コードのコンプライ率は着実に高まりつつあるが、実は、既に昨年の12月末段階でも、東証1・2部上場企業は、約8割の会社が原則の9割以上をコンプライしているのである。この高いコンプライ率に対して、「本当にそうなのだろうか」という指摘もある(*1)。

コードは、その抽象的で大掴みな原則に対して、形式的な文言・記載にとらわれず、コードの趣旨・精神に照らして、自らの活動がコンプライであるのか否かをコード適用企業自らが判断する枠組みである。コンプライとする判断は、企業に委ねられているため、企業によってバラツキが生じてしまうのである。

判断のバラツキの一例としては、各原則を万全とまでは言えないまでも一定程度は実施していると対外的に説明できるのであれば、コンプライとするケースが考えられる。“とりあえずコンプライ"ともいうべき対応である。

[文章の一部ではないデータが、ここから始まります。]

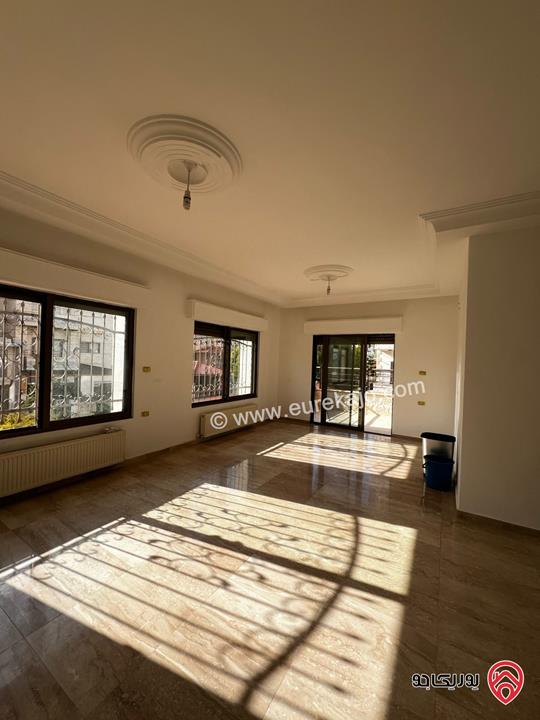 شقة سوبر ديلوكس طابق أول مساحة 200م للايجار في عمان - خلدا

確かにコードの適用初年度で、恥ずかしくない「世間水準」もわからない中、73個もの採点項目について、できているのか公表を迫られたのである。"とりあえずコンプライ"も含めて、極力コンプライ率を高めたいというバイアスが働いてしまったとすれば、それは日本企業の生真面目さの裏返しともいえるだろう。

一部エクスプレインから全てコンプライへと移行していく流れの中、これに逆行する注目すべき開示事例がある。全てコンプライで一旦開示した後、一部をエクスプレインに変更した、花王のガバナンス報告書である。その経緯は図表1のとおりである。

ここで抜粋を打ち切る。